◆ Task to carry out: Only the lines from the one containing "BJU Press Writing" through the final line below belong in the output, copied exactly and without pictures.

[Scraped caption text data]
::::
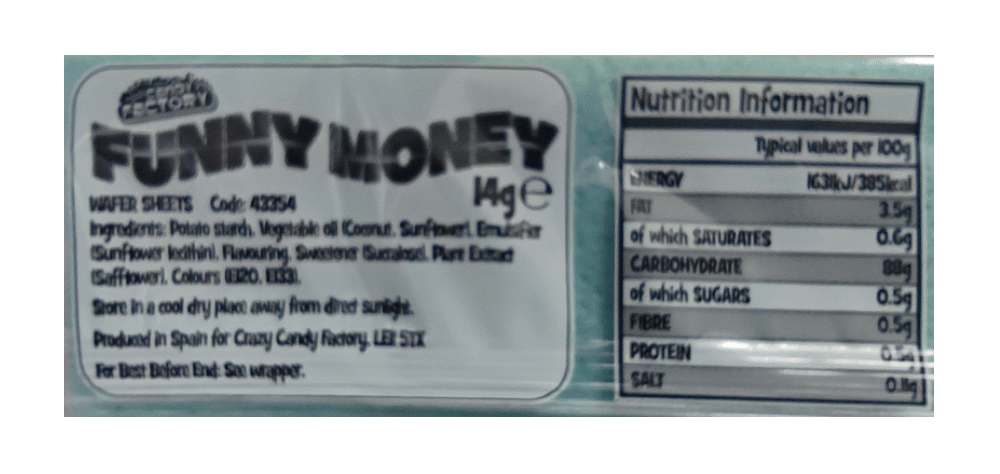 Crazy Candy Factory Funny Money Sweets 14g Label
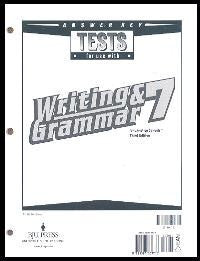 BJU Press Writing & Grammar 7 Tests Answer Key, 3rd Ed.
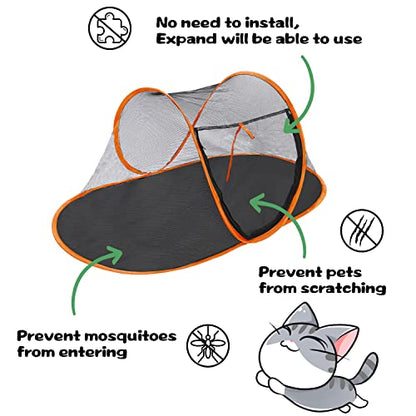 Cat Tent Outdoor, Pet Enclosure Tent Suitable for Cats and Small Animals, Indoor Playpen Portable Exercise Tent with Carry Bag(Orange)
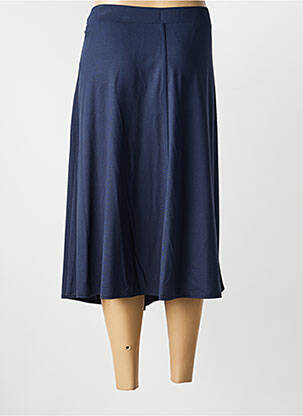 Jupe mi-longue coupe droite bleu FRANK WALDER femme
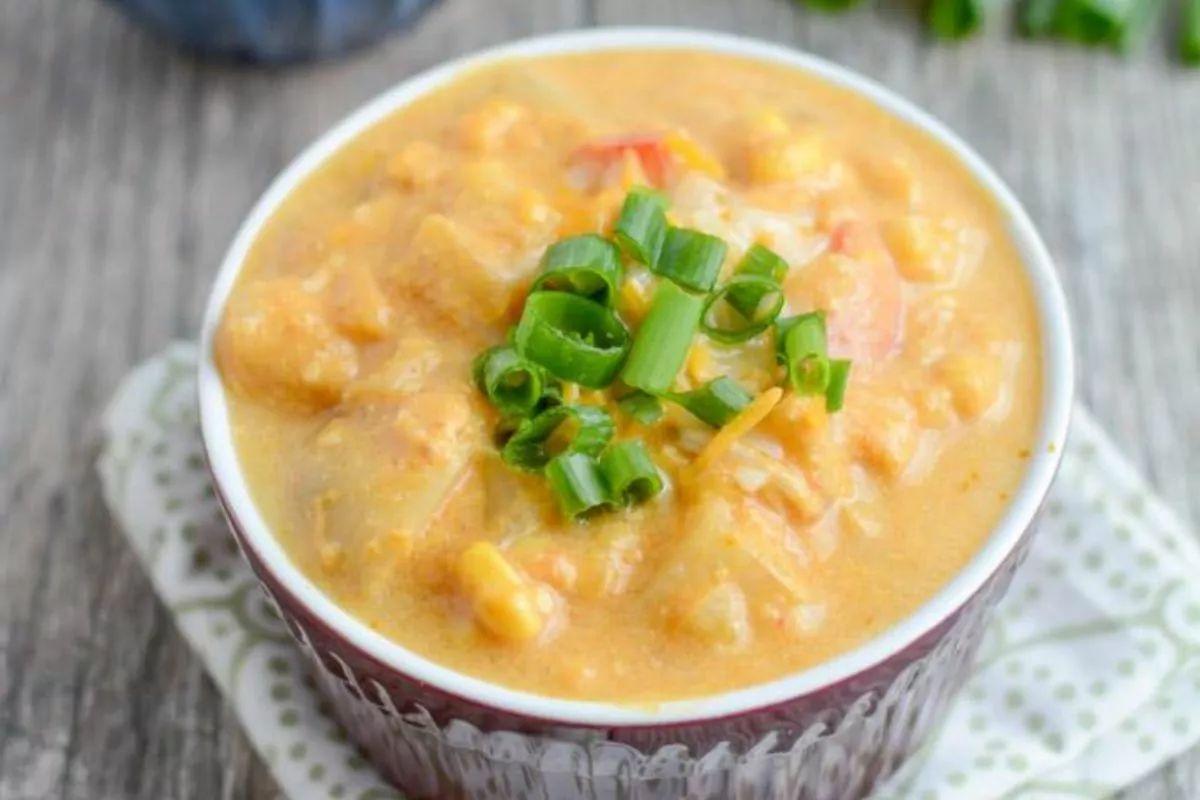 bowl of Slow Cooker Creamy Pumpkin Chicken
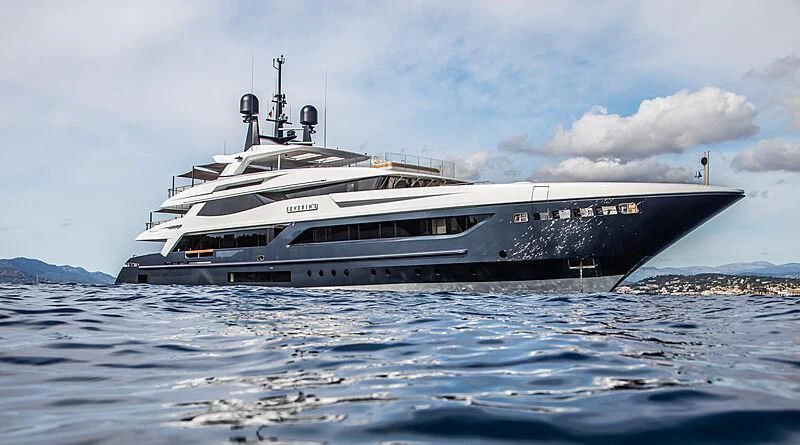 a large ship in the water aboard SEVERIN°S Yacht for Charter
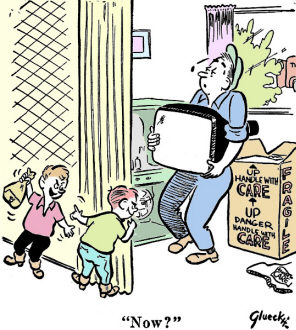 Kids alarming TV repairman carrying picture tube - RF Cafe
::::
◆ Reply to the task:
 BJU Press Writing & Grammar 7 Tests Answer Key, 3rd Ed.
 Cat Tent Outdoor, Pet Enclosure Tent Suitable for Cats and Small Animals, Indoor Playpen Portable Exercise Tent with Carry Bag(Orange)
 Jupe mi-longue coupe droite bleu FRANK WALDER femme
 bowl of Slow Cooker Creamy Pumpkin Chicken
 a large ship in the water aboard SEVERIN°S Yacht for Charter
 Kids alarming TV repairman carrying picture tube - RF Cafe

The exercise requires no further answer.